*GOAL OF THE EXERCISE*:
Every record is to be transcribed exactly as written.

******************************

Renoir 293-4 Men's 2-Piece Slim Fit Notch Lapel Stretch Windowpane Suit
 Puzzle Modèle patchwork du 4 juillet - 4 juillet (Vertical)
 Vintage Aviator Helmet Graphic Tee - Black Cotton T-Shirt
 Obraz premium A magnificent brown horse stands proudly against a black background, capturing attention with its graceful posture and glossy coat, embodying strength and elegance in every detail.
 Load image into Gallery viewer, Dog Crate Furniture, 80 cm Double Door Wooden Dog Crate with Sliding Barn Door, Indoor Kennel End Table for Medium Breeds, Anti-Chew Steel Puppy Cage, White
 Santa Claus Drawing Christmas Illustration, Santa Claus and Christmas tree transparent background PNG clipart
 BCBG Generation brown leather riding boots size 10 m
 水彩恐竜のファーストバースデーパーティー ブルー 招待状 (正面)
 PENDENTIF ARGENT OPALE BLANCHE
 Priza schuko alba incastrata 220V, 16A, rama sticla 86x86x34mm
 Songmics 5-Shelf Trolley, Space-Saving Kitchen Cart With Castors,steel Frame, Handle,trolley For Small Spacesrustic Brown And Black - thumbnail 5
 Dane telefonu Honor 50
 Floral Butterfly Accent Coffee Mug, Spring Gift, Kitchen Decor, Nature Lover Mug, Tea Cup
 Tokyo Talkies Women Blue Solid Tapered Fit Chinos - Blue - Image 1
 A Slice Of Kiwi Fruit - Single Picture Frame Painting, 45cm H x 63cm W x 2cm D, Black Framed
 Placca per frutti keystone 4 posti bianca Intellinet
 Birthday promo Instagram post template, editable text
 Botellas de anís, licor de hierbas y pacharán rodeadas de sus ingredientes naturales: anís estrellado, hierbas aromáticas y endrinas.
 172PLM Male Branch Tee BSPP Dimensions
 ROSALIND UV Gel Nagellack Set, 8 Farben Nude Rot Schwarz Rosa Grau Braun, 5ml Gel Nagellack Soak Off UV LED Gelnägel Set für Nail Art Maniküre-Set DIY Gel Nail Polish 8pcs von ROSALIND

******************************

*ANSWER SPACE*:
Renoir 293-4 Men's 2-Piece Slim Fit Notch Lapel Stretch Windowpane Suit
 Puzzle Modèle patchwork du 4 juillet - 4 juillet (Vertical)
 Vintage Aviator Helmet Graphic Tee - Black Cotton T-Shirt
 Obraz premium A magnificent brown horse stands proudly against a black background, capturing attention with its graceful posture and glossy coat, embodying strength and elegance in every detail.
 Load image into Gallery viewer, Dog Crate Furniture, 80 cm Double Door Wooden Dog Crate with Sliding Barn Door, Indoor Kennel End Table for Medium Breeds, Anti-Chew Steel Puppy Cage, White
 Santa Claus Drawing Christmas Illustration, Santa Claus and Christmas tree transparent background PNG clipart
 BCBG Generation brown leather riding boots size 10 m
 水彩恐竜のファーストバースデーパーティー ブルー 招待状 (正面)
 PENDENTIF ARGENT OPALE BLANCHE
 Priza schuko alba incastrata 220V, 16A, rama sticla 86x86x34mm
 Songmics 5-Shelf Trolley, Space-Saving Kitchen Cart With Castors,steel Frame, Handle,trolley For Small Spacesrustic Brown And Black - thumbnail 5
 Dane telefonu Honor 50
 Floral Butterfly Accent Coffee Mug, Spring Gift, Kitchen Decor, Nature Lover Mug, Tea Cup
 Tokyo Talkies Women Blue Solid Tapered Fit Chinos - Blue - Image 1
 A Slice Of Kiwi Fruit - Single Picture Frame Painting, 45cm H x 63cm W x 2cm D, Black Framed
 Placca per frutti keystone 4 posti bianca Intellinet
 Birthday promo Instagram post template, editable text
 Botellas de anís, licor de hierbas y pacharán rodeadas de sus ingredientes naturales: anís estrellado, hierbas aromáticas y endrinas.
 172PLM Male Branch Tee BSPP Dimensions
 ROSALIND UV Gel Nagellack Set, 8 Farben Nude Rot Schwarz Rosa Grau Braun, 5ml Gel Nagellack Soak Off UV LED Gelnägel Set für Nail Art Maniküre-Set DIY Gel Nail Polish 8pcs von ROSALIND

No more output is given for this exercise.